県主導での学校への情報端末導入。活用事例として英語の授業が進化!

上峰町教育委員会で教育長を務める矢動丸壽之さん
上峰町教育委員会で教育長を務める矢動丸壽之さん

日経DUAL編集部 今回、オンライン英会話サービスを英語の授業に活用することになった背景を教えてください。

矢動丸さん 文部科学省の教育再生実行会議第3次提言を踏まえて、初等中等教育段階からのグローバル化に対応した教育環境づくりを進めるために、2015年度からマンツーマンによるオンライン英会話授業を実施しています。
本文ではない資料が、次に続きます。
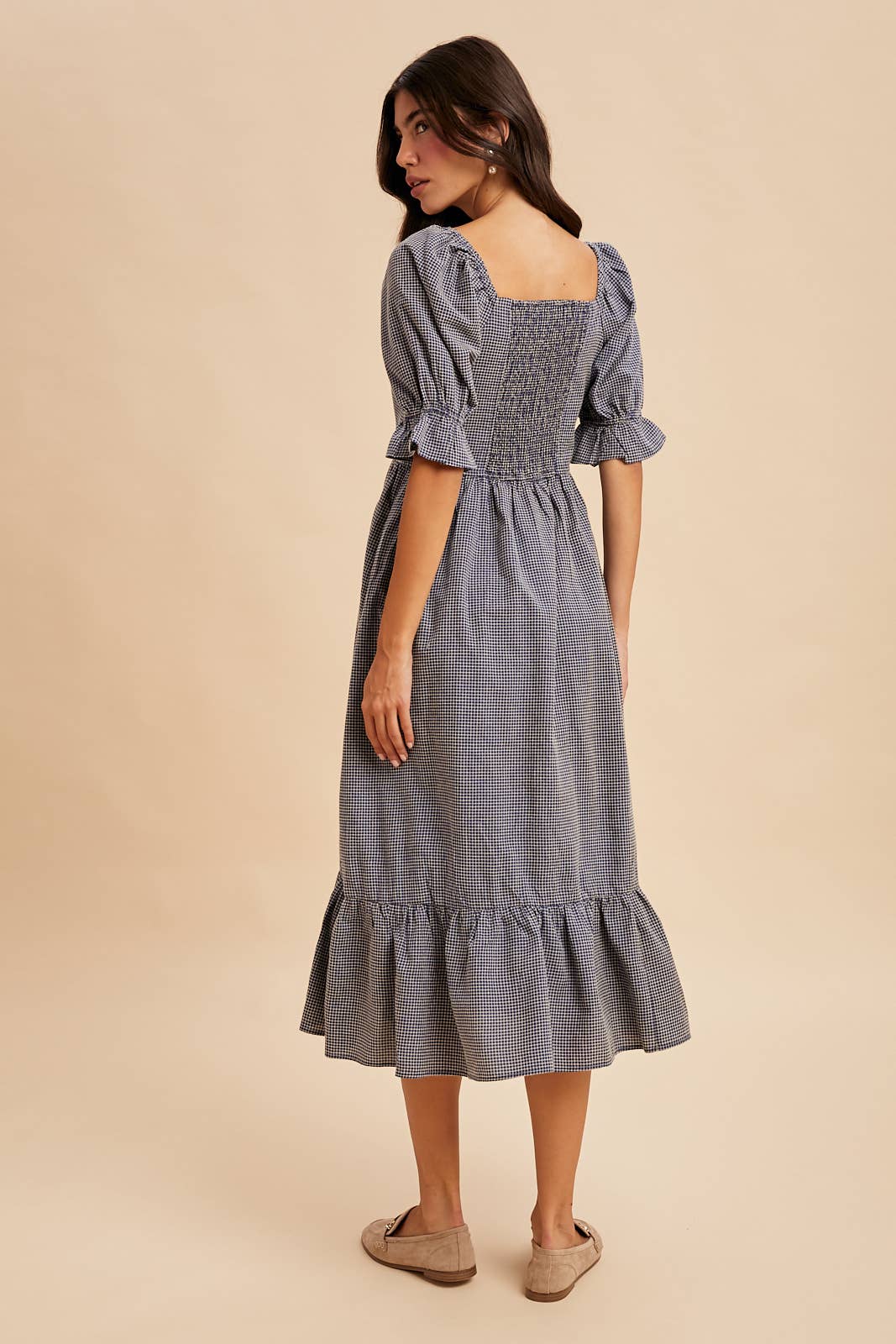 GRID CHECKERED MIDI DRESS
 国の地域活性化・地域住民生活等緊急支援交付金(地方創生先行型)事業を活用し、オンライン英会話委託について全国的に募集を掛けたところ、レアジョブさんが名乗りを上げ、パイロットプロジェクトとして当校が使用していた教材『Hi, Friends!』に沿ったスピーキング教材を開発してくれることになりました。どのように授業に導入するかは子どもたちを第一に考え、子どもたちの声も取り入れました。現在では、上峰町だけでなく、近くの神埼市などでも、色々なサービスを使った英会話活動の取り組みが始まっています。

―― こういった取り組みは、いかに継続させるかが重要になってきますね。

矢動丸さん 継続は非常に重要です。2020年の新学習指導要領では、小学5~6年生も英語(英会話)の授業の対象になっています。英語の授業では、知識だけではなく、コミュニケーション能力も同時に身に付けていかなくてはいけません。そのために、上峰小学校のように定期的に1対1で英語の対話練習を繰り返し、コミュニケーション能力を鍛え、子どもたちに「自分は英語で会話ができるのだ」という自信をつけていってほしいと考えています。

まずはALT講師が語彙や文法を教え、オンラインでの授業に移る

―― 授業はどのように行われるのでしょうか?

オンラインでネーティブ講師と1対1で会話をする前に、ALT講師から語彙や文法を教わる
オンラインでネーティブ講師と1対1で会話をする前に、ALT講師から語彙や文法を教わる

矢動丸さん まず、ALT講師による語彙や文法のインプット(20分)を行います。その後、オンライン英会話授業の準備をし(5分)、オンライン英会話授業(15分、マンツーマン)に移ります。最後に、次回の予習と宿題確認(5分)をする、という45分間です。これを2015年9月から2016年3月の間(2学期・3学期)で、6年生は週1度程度、合計20コマ実施しました。